Cleverly hidden from the hustle and bustle of Raeford Road, Clyde and Martha Beck Wood's home in Haymount is beautifully deceptive, both in size and age. Completed in 1958, the house has been a well loved home to three different Fayetteville families, beginning with the Richard Lilly Sr. family, Graham and Mary Rose Bell, and finally the Woods. 

Ironically designed by Fayetteville’s most recognizable modernist architect, Dan MacMillan, the home was modeled, nearly without exception, to a 17th century Georgian home, called Holly Hill, found in Ann Arundel County of southern Maryland.  

Boasting a mix of modern and traditional elements, the craftsmanship is second to none. Clyde, President of King Model Homes Building Company, fell in love with the home at Martha’s urging. “Clyde didn’t want an old house and we were in the process of designing a home across the street on the land where I grew up, but when Mary Rose Bell told me they were thinking of downsizing, I knew it was a great opportunity. ‘Just go over there and have a look,’ I told Clyde. He couldn’t pass it up when he saw it. The quality is incredible and to reproduce it would cost a fortune,” said Martha.

Walking through the Charleston green double front doors into the glossy white wainscoted foyer, the eye immediately travels forward to the sparkling European crystal chandelier elegantly floating above the lengthy dining room table. A sweeping bow window offers ample natural light and extra space for entertaining. Traditionally decorated to Southern perfection, the silver tea service, passed down from Martha’s grandmother, gleams, while portraits of Clyde and Martha’s girls, now grown and married, add familial warmth to the formal room. A closer look reveals pictures of the girls with their husbands, confirming that the residence isn’t just an expertly designed and decorated house – it’s a home. “I just love this room from every angle,” confessed Martha.

To the right of the dining room, the kitchen and breakfast nook are equally striking. “My favorite rooms are the dining room and the kitchen, for many reasons,” said Martha. The kitchen, originally a service kitchen, was the only room that had to be completely gutted and updated. While the ceilings in the other rooms loom at an impressive 10 feet and boast the original thick crown molding, Clyde was able to raise the kitchen ceilings from seven feet to nine feet. New cabinets extend to the ceiling, making use of every extra inch and complimenting the heart pine floors, which came from an old mill in Anderson, South Carolina. “Clyde had such vision for this area and for the rest of the home.

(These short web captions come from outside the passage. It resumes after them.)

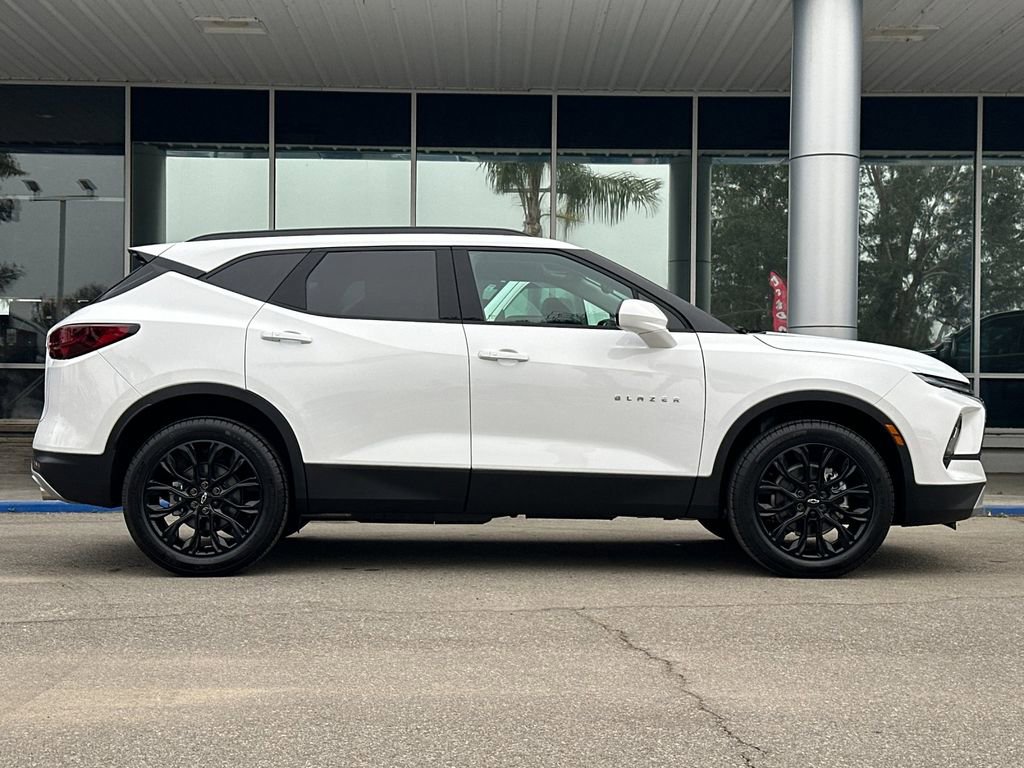 New 2026 Chevrolet Blazer LT w/ Convenience Package image 6
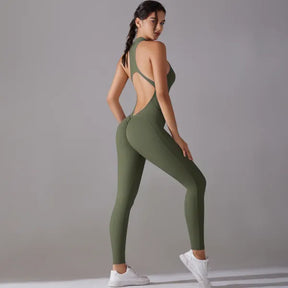 Body Fitness Feminino Modelador Controle de Barriga [v:1xtrubo]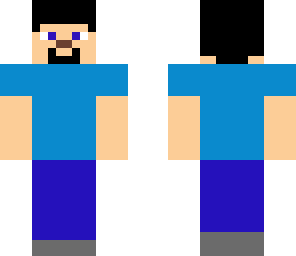 steve
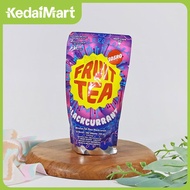 Fruit Tea Blackcurrant Pouch 230 ml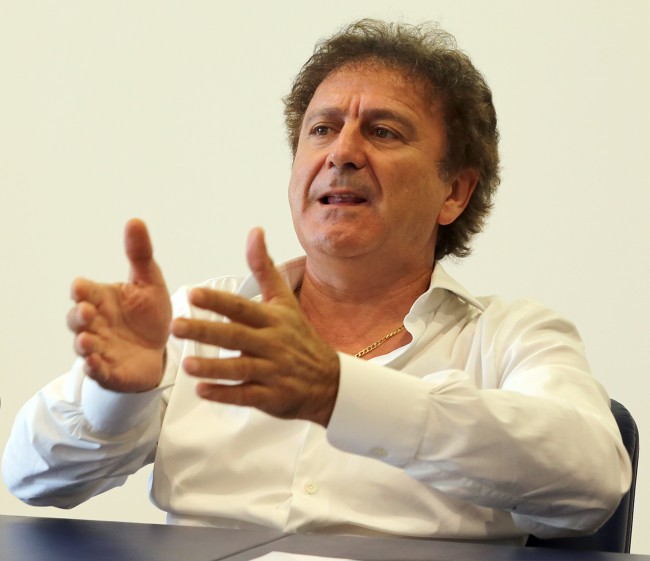 Indagine sulla gestione rifiuti del Cosmari del sisma 2016. Ciurlanti-Cosmari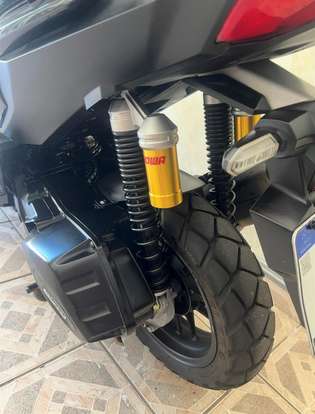 HONDA-ADV-2022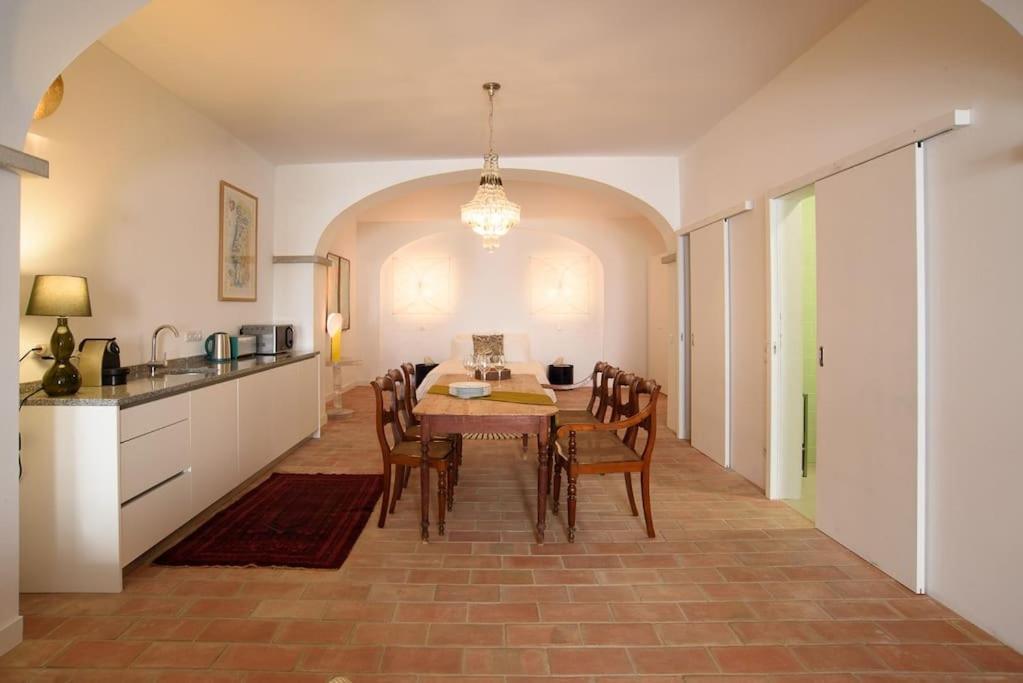 Loft Almirante Design Apartment *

He did a wonderful job,” said Martha of her husband of 34 years. 

“While we did gut the kitchen, we worked within its confines and preserved its charm. It was a state-of-the-art 1950s kitchen and we were careful not to take away the character as we created the breakfast nook and made the kitchen more user-friendly,” Martha said of the well-used space. 

While the home was originally designed to allow for a staff to assist with day-to-day duties, the home is now more suited to the needs of a modern family. Martha laughed as she walked up the refinished and updated staircase, “You won’t find carpet on my steps, because I hate vacuuming!”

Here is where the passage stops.